I went through the comparison phase for a while and it started to eat away at the joy and contentment I had. I didn’t feel like I was achieving as much in comparison to others. I have a decent job, but it’s not a front office job in Canary Wharf. I’m single with a dusty hotline that isn’t blinging. I still haven’t thought of a world-changing idea that will make me a millionaire. It was only after my Mother said a prayer of gratitude about life that made me realise how self-critical I was becoming. I was reducing the value of my achievements, my relationships and my happiness because I’m looking across at someone else’ life. I was focusing on the negatives in my present circumstance, negatives that may cease to exist in a few years’ time or even by the end of the year, that I completely ignored the positives in my life. It was becoming emotionally draining.
I returned to my old secondary school to give a talk about my academic and career choices thus far. Preparing my speech forced me to take stock of my achievements. Trying to remember my thought process of why I studied this, or did that made me appreciative of my experiences, support and guidance I’ve had. In one way or another, I’ve tried to add value to myself, my inner circle or community. It has shaped me into the woman I am today.

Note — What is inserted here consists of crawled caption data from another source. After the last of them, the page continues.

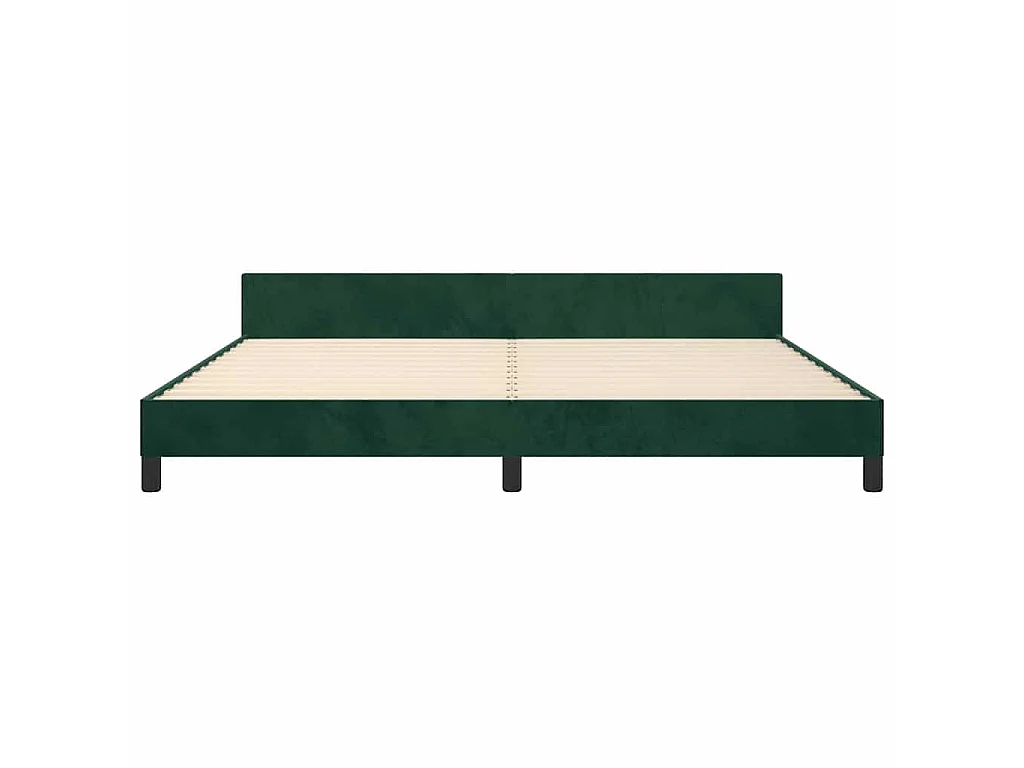 Estructura cama sin colchón terciopelo verde oscuro 200x200 cm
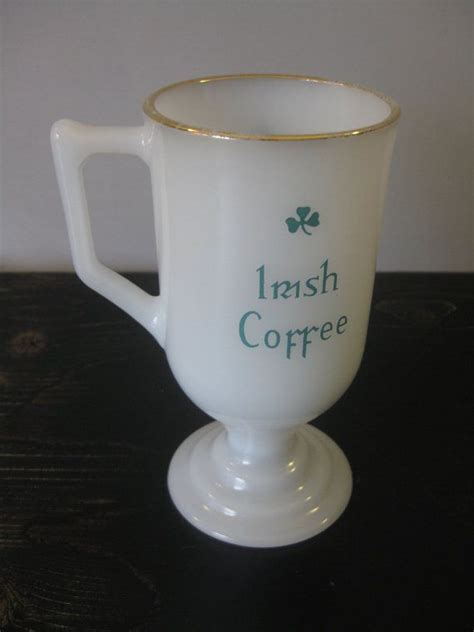 Federal Milk Glass Irish Coffee Mugs Set Of Shabby Milk Glass Irish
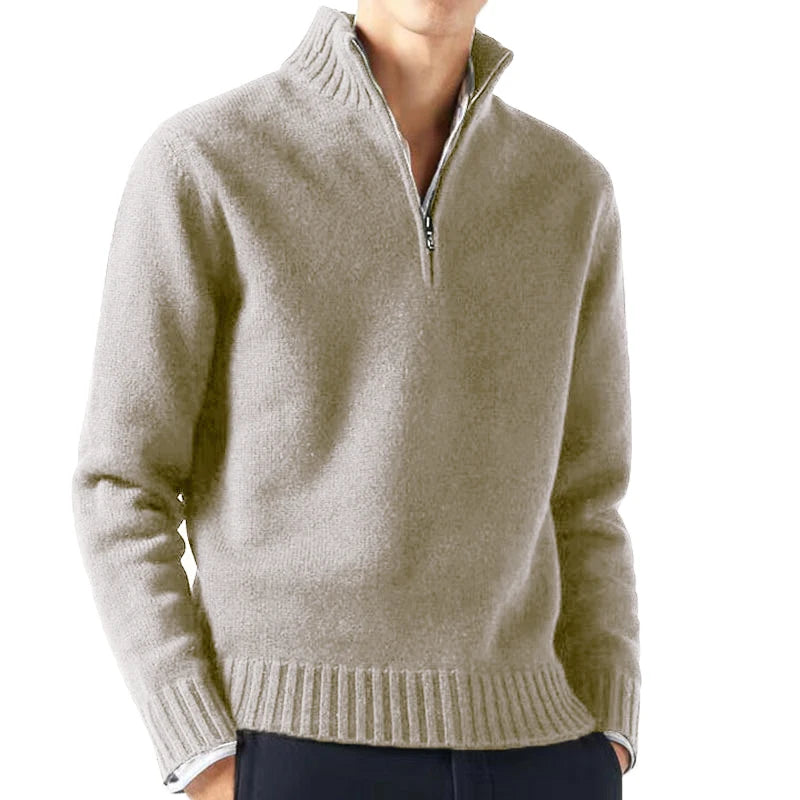 Men Sweaters Knitwear Pullovers Solid Color Long Sleeved Sweater Male Casual Daily Warm Coats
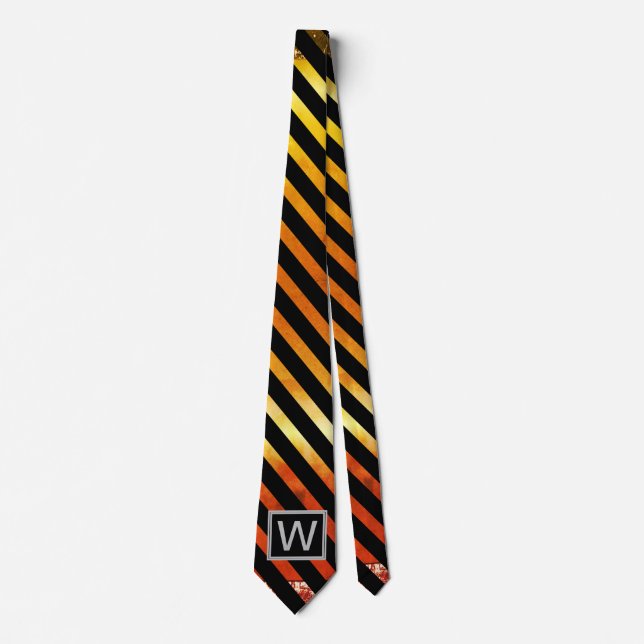 Monogram Ombre Yellow Red Orange Tie (Front)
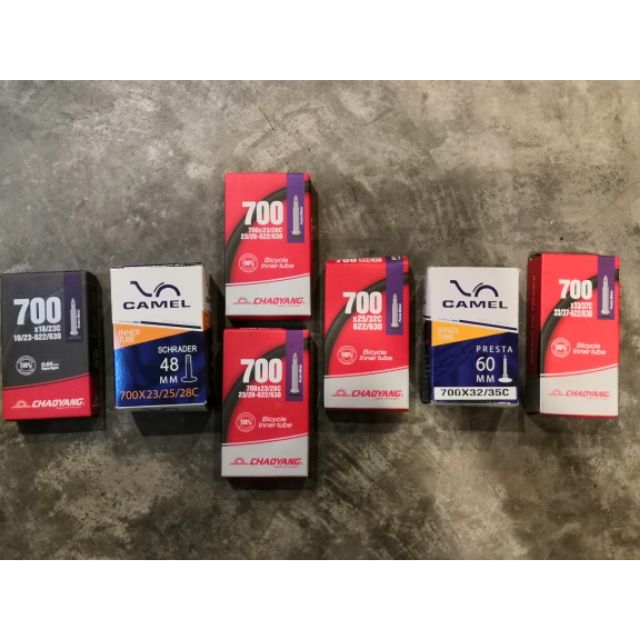 ยางใน 700c หรือ ( 28x1 5/8 x1 1/8 ) มีหลายขนาด สำหรับล้อธรรมดา และล้อขอบสูง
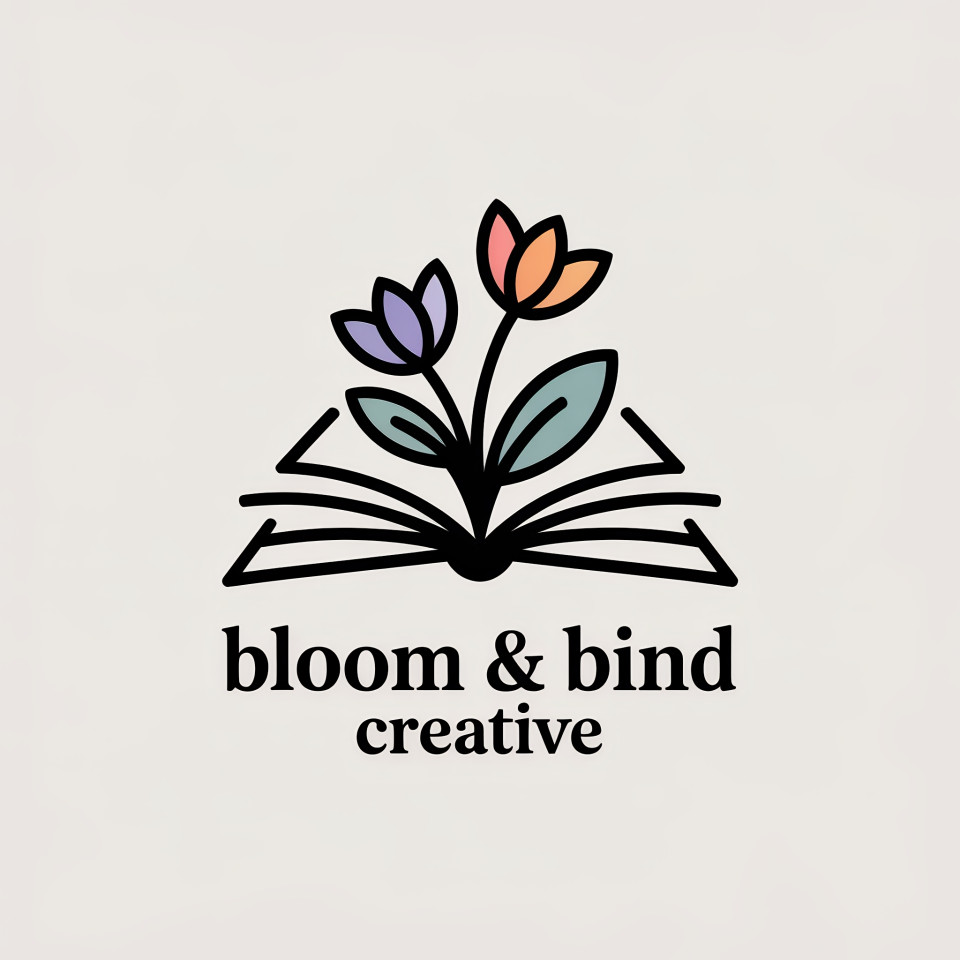 Open book logo with flowers blooming from pages in sleek black lines, bloom & bind creative text in clean font, balanced, gentle identity for art or design brands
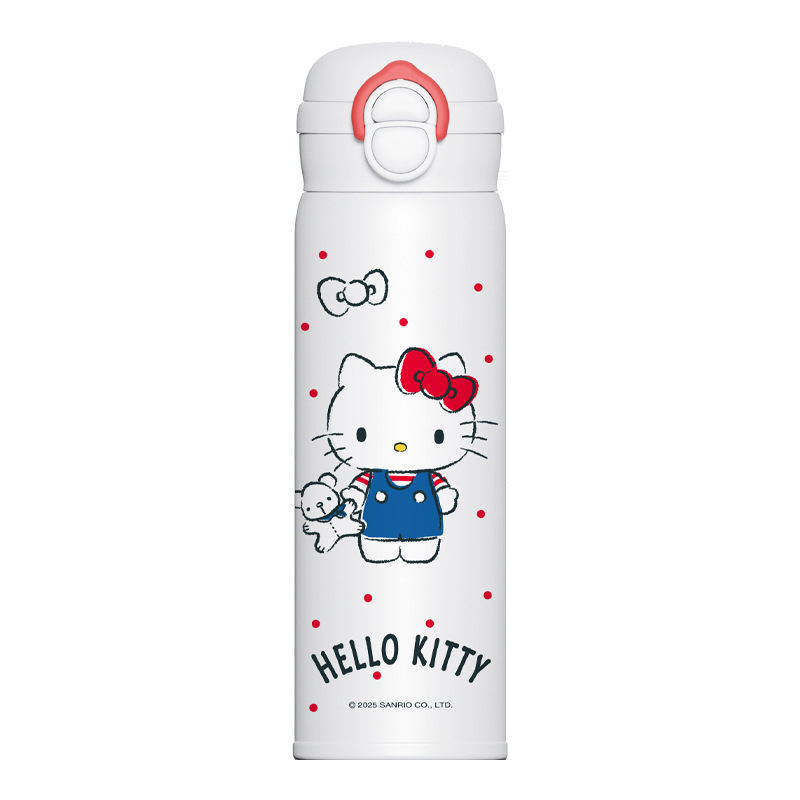 三丽鸥库洛米凯蒂猫儿童保温杯316食品级小学生女孩双饮吸管水杯白底实物图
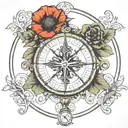 Celtic Life Tree, remembrance poppies, knights sheild, nautical compass, dyslexia symobol, justitiae tenax family mott tattoo design idea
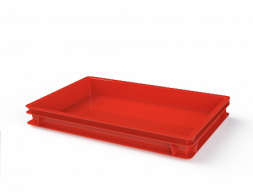 Ящик полимерный сплошной для полуфабрикатов, 600х400х75 мм, красный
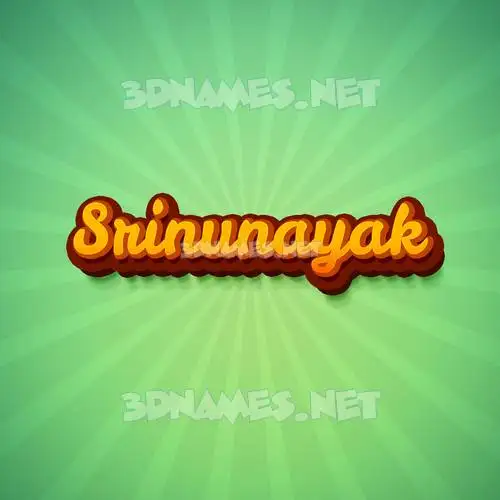 srinunayak in Green Rays style - 3D name wallpaper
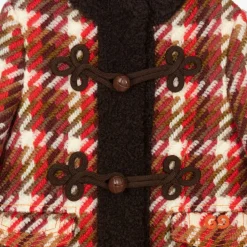 Gucci Girls Red Check Wool Coat Online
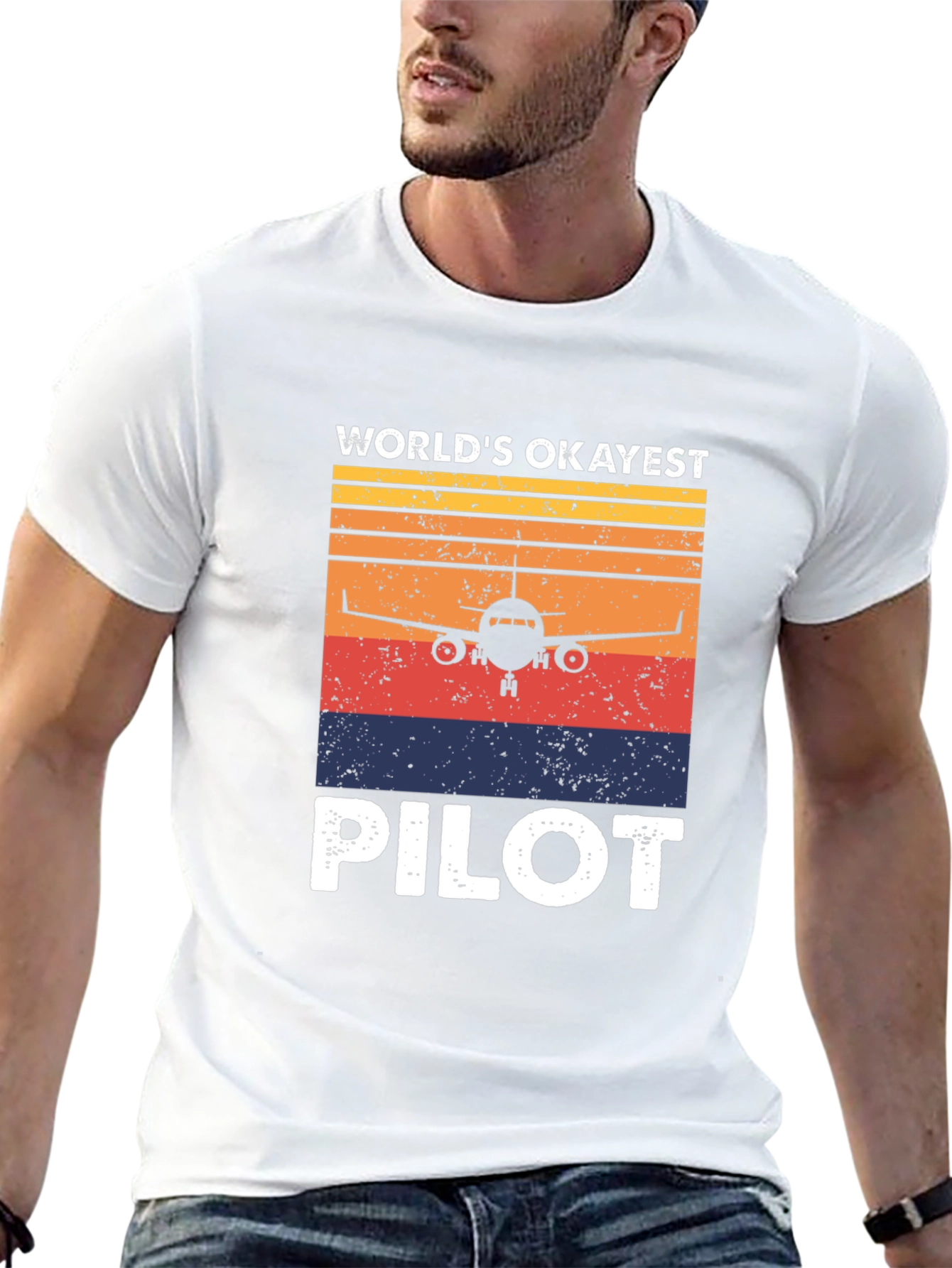 Worlds Okayest Pilot Retro T-Shirt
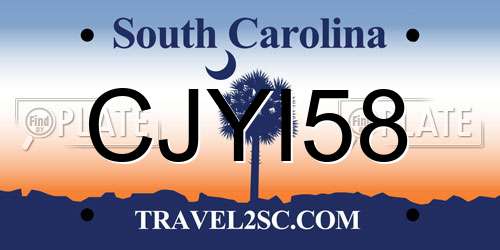 CJYI58 South Carolina License Plate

As I walked around the school, I asked myself if my 11 year old self running around the corridors would be proud of where I am today. After a long think, I would have to say ‘yes’. I am content with my portion. I know that time and chance will continue to work in my favour. I believe that opportunities to progress forward will present themselves at the appropriate time. What I can do, and you also in the meanwhile, is appreciate this thing we call ‘life’. Enjoy the journey.
Appreciate the small moments of happiness. In the last few weeks, I have laughed, smiled and celebrated. I have added value back into the things I took for granted. Rather than focusing on the negatives, I have chosen to embrace and learn the lessons life had presented to me.